Most pilots view aviation earphones as a long-term
Long-term investments are common realities in the lives of most consumers. Cars, homes, and land are all purchases buyers expect to own for an extended period. However, for a variety of reasons consumers trade autos, relocate to new abodes, and sell long-held real estate. The same is true for aviation headphones. Over time, veteran pilots will likely consider the need to invest in a new pilot headset.
Upgrading to Advanced Models
Reasons to consider a new headset vary. A popular reason is to upgrade to a higher-end model. As pilots gain experience, it's fairly common for them to transition to larger, faster, noisier, more complex aircraft. While a starter headset might have served them well in primary training, it may not provide adequate ear protection in the cockpits of high performance planes. For this reason, transitioning pilots often look to the additional noise protection available in premium headsets.
A chief consideration for additional ear protection is active noise reduction (ANR) technology. Through electronic circuitry, ANR headsets cancel a higher amount of engine noise than basic, passive earphones can block. The higher noise reduction rating (NRR) of ANR models offers significantly better hearing protection but comes at a considerably higher price. Due to the expense, pilots often wait to purchase ANR models until after they've acquired a fair amount of basic flight experience.
Another common reason aviators part ways with older earphones is to take advantage of newer technology. Modern headsets are equipped with amenities that provide benefits not offered by older earsets. Common features include mobile phone/audio connectivity, Bluetooth technology, and even wireless headsets. Pilots might also prefer stereo audio, gel ear seals, or a more comfortable headband. By gaining experience in the cockpit, veteran aviators learn which available technologies will make their flying safer and more enjoyable.
Wear and Tear
An inevitable result of use is the gradual effect of wear and tear. Over time, components wear out and require replacement/refurbishment to continue to function properly.
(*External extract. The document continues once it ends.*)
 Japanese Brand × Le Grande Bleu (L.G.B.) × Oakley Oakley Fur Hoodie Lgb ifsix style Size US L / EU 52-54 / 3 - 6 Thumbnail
While many aviation manufacturers offer incredible warranty service, periodic tune-ups can't address all use-related problems. In some instances, damage to a headset can render it beyond repair. At other times, depreciation can substantially diminish a headset's value, making it more practical to purchase a new model. Regardless of the exact circumstances, repeated use will eventually reduce the effectiveness of a pair of earphones.
So, what should you do with your old headset? You have many options for your vintage headphones. Many pilots keep the model to use as a loaner for the occasional copilot. Others resort to the internet and attempt to sell the used earset. Another option is to visit your local airport. If you're intent on selling your earphones, post a notice on a bulletin board or spread the word with your fellow fliers. Otherwise, consider giving the headphones to a new pilot or donating them to a flight school. With thoroughly worn models, recycle what you can and junk the rest.
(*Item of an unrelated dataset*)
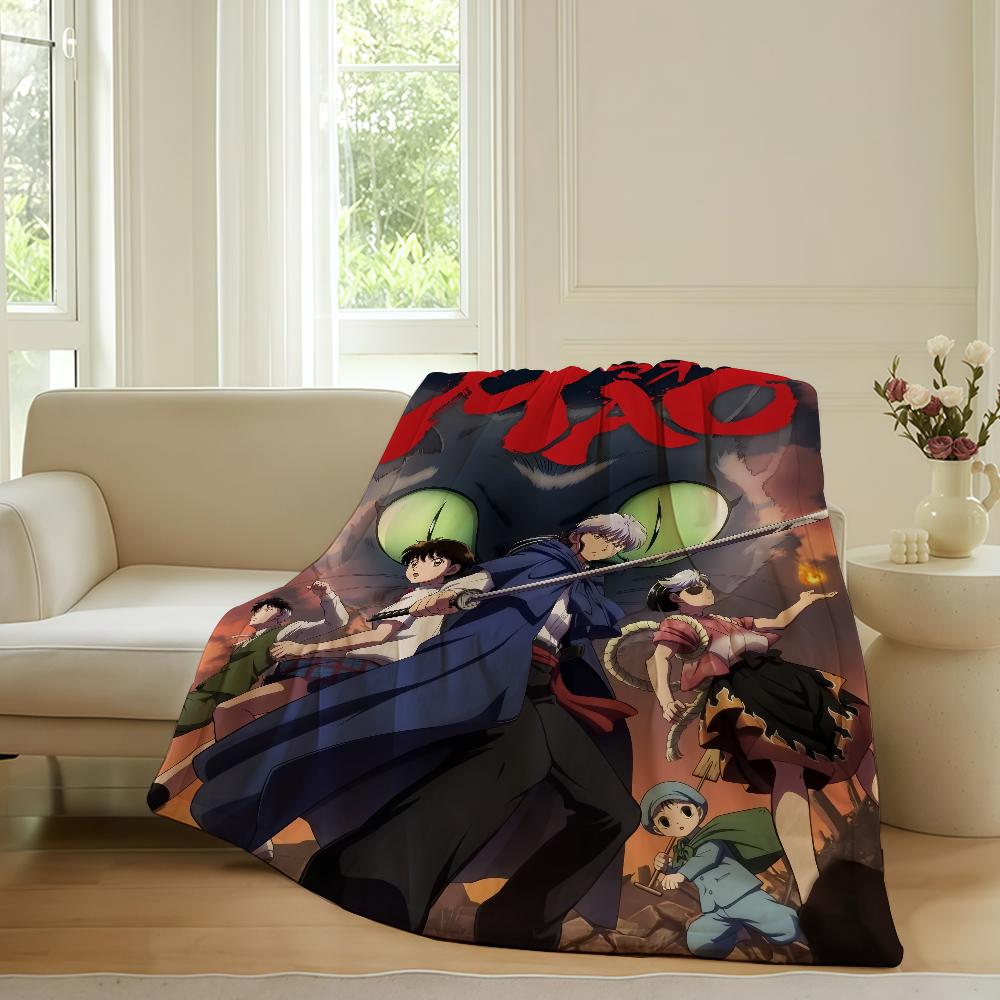 

Classic M-Mao Comic New Blanket Warm Soft Suitable For Bedroom Sofa Bed Living Room Office Travel Camping Gifts 75x90cm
While a quality pilot headset will serve you well for years, you'll more than likely purchase a new pair of earphones at some point in your flying pursuits. Whether due to aircraft transitions, new technologies, or normal wear & tear, be open to the possibility that you might need to seek out a new headset to best address your aviation needs. Though your first headset served you well, new technologies in modern headsets can make your flying safer and more enjoyable.